[[ RECORDS, beginning ]]
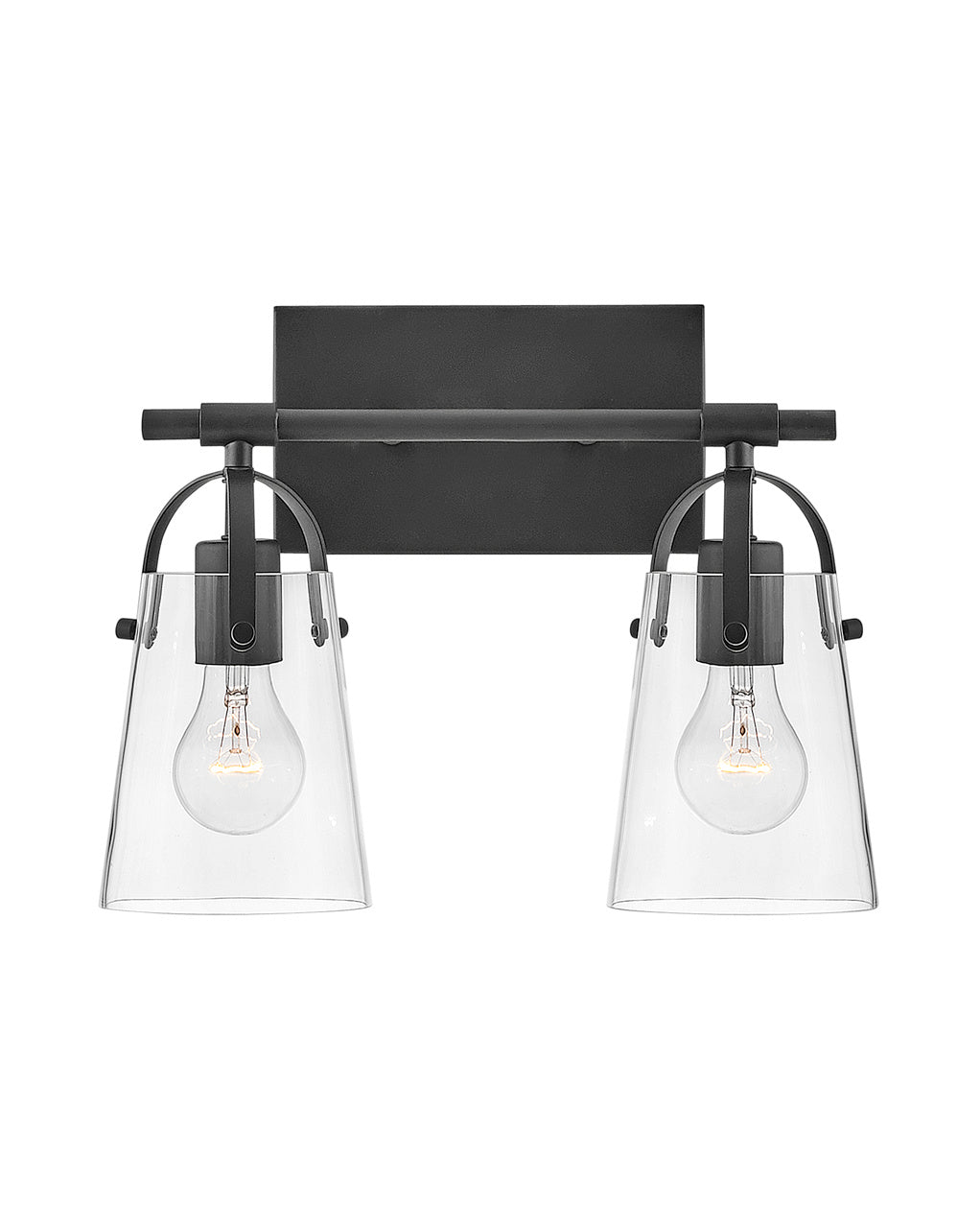 Hinkley Canada - 5132BK - LED Vanity - Foster - Black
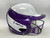 Used RIP-IT RIP-IT S/M 6-6 7/8 Batting Helmet w/Mask Purple And White S/M 11879-S000024358 View 3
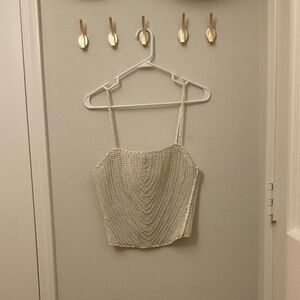 Rare Victoria’s Secret Cream Pearl Corset Brand New with tags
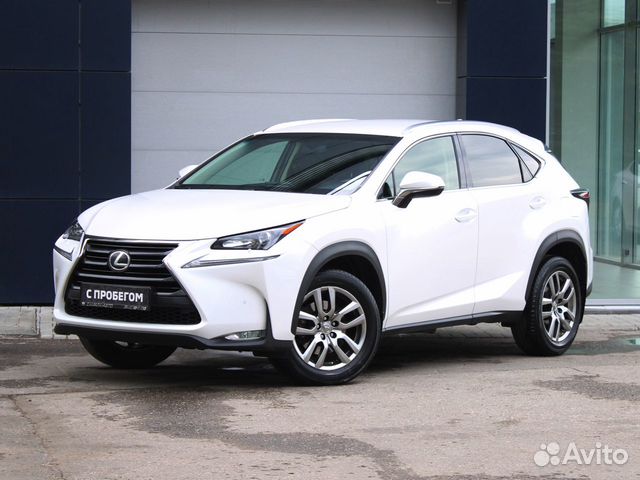 Lexus NX 2.0 AT, 2016, 78 776 км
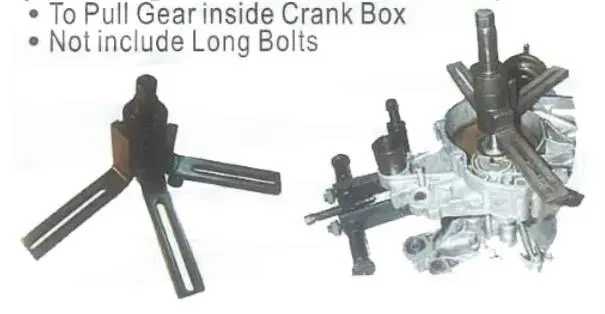 3 LEG CRANKCASE SEPERATING TOOL - SMALL ENGINE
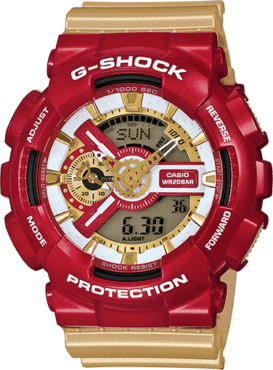 GA110CS-4A San Francisco 49ers Wrist Watch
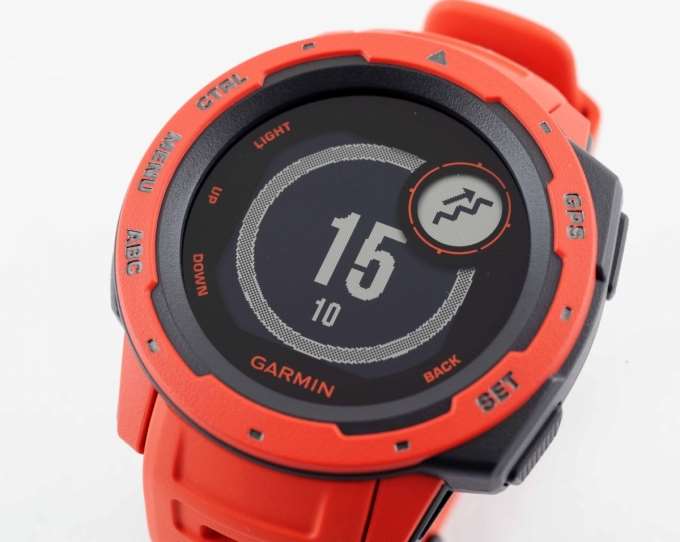 #014 タフネスGPSアウトドアウォッチ GARMIN INSTINCT その2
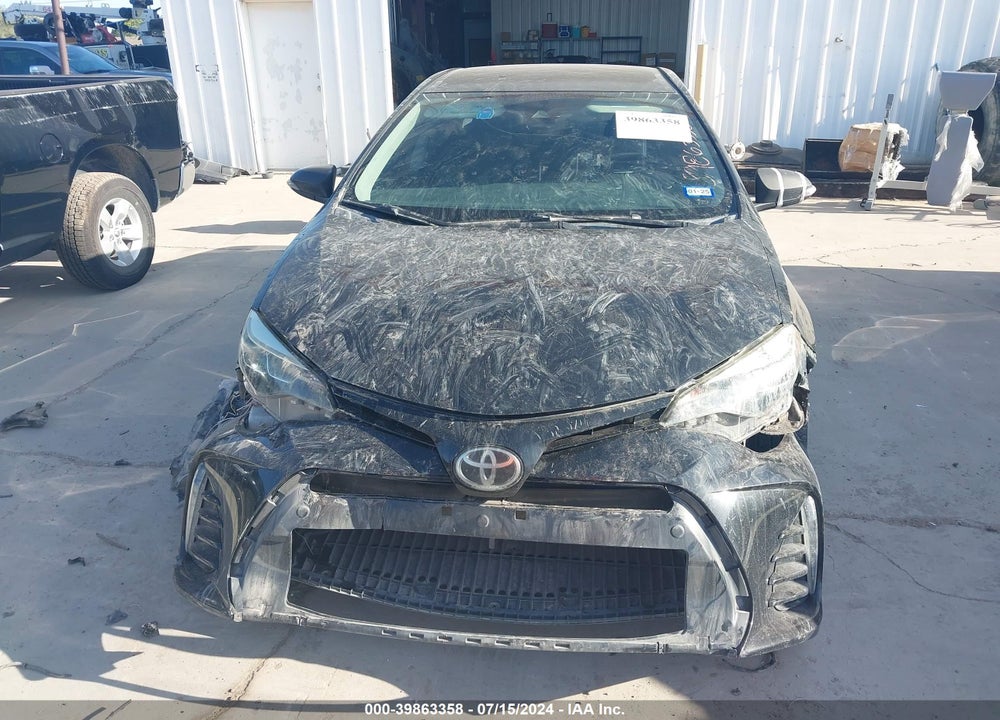 2017 TOYOTA COROLLA SE VIN: 5YFBURHE3HP604029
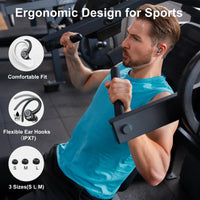Headphones Wireless Earbuds Sport , 48H Wireless Earphones with HD Mic, IP7 Waterproof Earbud for Sports/Running/Workout. S601e1cdc93c64c12be5a66e2e2fec05au Amrit Store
[[ RECORDS, end ]]
(ABOUT THIS EXERCISE):
Your reply should give again exactly the lines from the one with "Lexus NX 2.0 AT, 2016, 78 776 км" through the last line of the data, with both ends included and pictures left out.

(TASK RESULT):
 Lexus NX 2.0 AT, 2016, 78 776 км
 3 LEG CRANKCASE SEPERATING TOOL - SMALL ENGINE
 GA110CS-4A San Francisco 49ers Wrist Watch
 #014 タフネスGPSアウトドアウォッチ GARMIN INSTINCT その2
 2017 TOYOTA COROLLA SE VIN: 5YFBURHE3HP604029
Headphones Wireless Earbuds Sport , 48H Wireless Earphones with HD Mic, IP7 Waterproof Earbud for Sports/Running/Workout. S601e1cdc93c64c12be5a66e2e2fec05au Amrit Store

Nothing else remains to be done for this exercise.